### WHAT YOU ARE ASKED TO DO:
Only the lines of the data below from the one with "Nihonto care set" through the one with "Zeige Details für" are wanted. Repeat them exactly.
════════════════
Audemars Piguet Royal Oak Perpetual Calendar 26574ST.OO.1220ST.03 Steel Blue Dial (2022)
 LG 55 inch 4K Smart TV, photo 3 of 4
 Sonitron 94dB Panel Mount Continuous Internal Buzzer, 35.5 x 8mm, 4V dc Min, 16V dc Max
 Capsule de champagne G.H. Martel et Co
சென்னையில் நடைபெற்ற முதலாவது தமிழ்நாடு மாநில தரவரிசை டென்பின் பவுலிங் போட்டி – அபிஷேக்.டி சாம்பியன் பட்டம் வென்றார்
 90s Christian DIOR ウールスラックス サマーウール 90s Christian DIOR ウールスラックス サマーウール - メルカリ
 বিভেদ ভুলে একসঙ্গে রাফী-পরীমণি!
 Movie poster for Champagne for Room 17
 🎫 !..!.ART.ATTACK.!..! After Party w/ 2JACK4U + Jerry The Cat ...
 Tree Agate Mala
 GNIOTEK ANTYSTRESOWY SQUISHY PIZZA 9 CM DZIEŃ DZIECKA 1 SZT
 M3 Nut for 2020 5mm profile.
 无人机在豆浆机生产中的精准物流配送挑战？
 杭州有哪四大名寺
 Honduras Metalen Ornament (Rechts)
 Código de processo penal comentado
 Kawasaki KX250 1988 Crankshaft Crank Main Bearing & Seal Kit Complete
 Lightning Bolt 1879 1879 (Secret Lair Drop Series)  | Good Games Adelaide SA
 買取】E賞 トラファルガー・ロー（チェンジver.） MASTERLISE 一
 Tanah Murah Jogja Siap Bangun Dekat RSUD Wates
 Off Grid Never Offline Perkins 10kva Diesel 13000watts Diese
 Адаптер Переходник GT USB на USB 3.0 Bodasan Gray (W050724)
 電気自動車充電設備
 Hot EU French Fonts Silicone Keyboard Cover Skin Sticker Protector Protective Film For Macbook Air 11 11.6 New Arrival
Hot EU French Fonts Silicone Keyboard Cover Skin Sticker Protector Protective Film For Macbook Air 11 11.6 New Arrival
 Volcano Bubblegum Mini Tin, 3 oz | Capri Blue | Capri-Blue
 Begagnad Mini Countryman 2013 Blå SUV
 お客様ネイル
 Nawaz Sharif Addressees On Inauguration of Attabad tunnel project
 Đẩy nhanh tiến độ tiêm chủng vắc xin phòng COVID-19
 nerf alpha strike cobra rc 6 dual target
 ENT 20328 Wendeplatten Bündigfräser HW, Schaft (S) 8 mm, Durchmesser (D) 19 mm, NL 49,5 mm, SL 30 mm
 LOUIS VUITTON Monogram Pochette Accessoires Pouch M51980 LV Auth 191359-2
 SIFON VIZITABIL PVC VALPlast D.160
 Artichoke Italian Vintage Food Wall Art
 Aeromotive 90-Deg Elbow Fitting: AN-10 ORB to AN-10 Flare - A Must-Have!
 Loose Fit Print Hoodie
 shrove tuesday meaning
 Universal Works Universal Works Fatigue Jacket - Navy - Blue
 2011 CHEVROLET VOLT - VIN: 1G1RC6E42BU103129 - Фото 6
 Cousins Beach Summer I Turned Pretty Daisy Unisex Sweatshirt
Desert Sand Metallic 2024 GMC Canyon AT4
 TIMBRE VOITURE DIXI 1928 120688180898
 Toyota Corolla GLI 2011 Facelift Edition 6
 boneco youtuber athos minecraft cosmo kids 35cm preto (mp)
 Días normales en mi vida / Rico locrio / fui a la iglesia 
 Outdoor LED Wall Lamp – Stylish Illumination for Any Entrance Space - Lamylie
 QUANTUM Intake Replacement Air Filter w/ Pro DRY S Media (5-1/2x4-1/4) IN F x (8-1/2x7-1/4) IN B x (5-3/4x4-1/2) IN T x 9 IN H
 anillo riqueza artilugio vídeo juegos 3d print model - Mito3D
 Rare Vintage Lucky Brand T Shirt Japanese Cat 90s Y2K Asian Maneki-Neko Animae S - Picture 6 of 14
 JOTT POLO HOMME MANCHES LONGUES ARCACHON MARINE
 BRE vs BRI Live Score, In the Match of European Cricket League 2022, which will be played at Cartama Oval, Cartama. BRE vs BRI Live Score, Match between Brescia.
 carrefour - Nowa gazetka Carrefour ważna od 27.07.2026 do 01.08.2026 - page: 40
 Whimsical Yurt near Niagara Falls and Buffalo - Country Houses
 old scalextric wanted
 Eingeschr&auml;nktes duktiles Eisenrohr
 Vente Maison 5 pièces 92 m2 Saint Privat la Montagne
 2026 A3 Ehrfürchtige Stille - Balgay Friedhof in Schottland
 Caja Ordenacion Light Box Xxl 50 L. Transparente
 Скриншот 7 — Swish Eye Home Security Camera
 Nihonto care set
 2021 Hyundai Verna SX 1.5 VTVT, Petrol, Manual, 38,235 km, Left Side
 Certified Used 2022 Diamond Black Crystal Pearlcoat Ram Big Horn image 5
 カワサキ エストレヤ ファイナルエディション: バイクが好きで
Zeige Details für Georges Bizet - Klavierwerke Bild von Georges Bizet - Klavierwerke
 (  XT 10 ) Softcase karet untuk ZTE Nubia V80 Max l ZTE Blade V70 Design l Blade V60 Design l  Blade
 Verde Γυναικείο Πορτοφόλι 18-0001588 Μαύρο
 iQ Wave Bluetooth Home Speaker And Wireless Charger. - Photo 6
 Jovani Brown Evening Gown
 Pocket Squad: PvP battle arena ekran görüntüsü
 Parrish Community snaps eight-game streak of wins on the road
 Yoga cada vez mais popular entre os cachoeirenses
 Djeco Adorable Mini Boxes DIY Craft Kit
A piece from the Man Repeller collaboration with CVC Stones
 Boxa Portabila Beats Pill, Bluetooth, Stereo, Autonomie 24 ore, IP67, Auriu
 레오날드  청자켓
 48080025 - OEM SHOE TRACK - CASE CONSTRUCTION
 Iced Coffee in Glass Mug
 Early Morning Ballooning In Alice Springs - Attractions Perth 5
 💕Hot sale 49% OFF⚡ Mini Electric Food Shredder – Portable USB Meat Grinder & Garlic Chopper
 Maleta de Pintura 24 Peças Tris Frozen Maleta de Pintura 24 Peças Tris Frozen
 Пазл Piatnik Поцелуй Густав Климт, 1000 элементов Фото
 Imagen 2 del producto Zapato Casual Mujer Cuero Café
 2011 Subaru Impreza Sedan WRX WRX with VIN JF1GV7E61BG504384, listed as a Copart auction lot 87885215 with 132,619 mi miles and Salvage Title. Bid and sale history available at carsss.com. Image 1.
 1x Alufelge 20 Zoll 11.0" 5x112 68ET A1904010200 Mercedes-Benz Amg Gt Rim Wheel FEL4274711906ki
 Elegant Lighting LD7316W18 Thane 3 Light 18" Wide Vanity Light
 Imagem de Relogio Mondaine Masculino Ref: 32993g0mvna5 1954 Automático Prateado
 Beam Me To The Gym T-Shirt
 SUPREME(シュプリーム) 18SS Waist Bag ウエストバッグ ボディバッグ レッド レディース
════════════════
### YOUR RESPONSE:
 Nihonto care set
 2021 Hyundai Verna SX 1.5 VTVT, Petrol, Manual, 38,235 km, Left Side
 Certified Used 2022 Diamond Black Crystal Pearlcoat Ram Big Horn image 5
 カワサキ エストレヤ ファイナルエディション: バイクが好きで
Zeige Details für Georges Bizet - Klavierwerke Bild von Georges Bizet - Klavierwerke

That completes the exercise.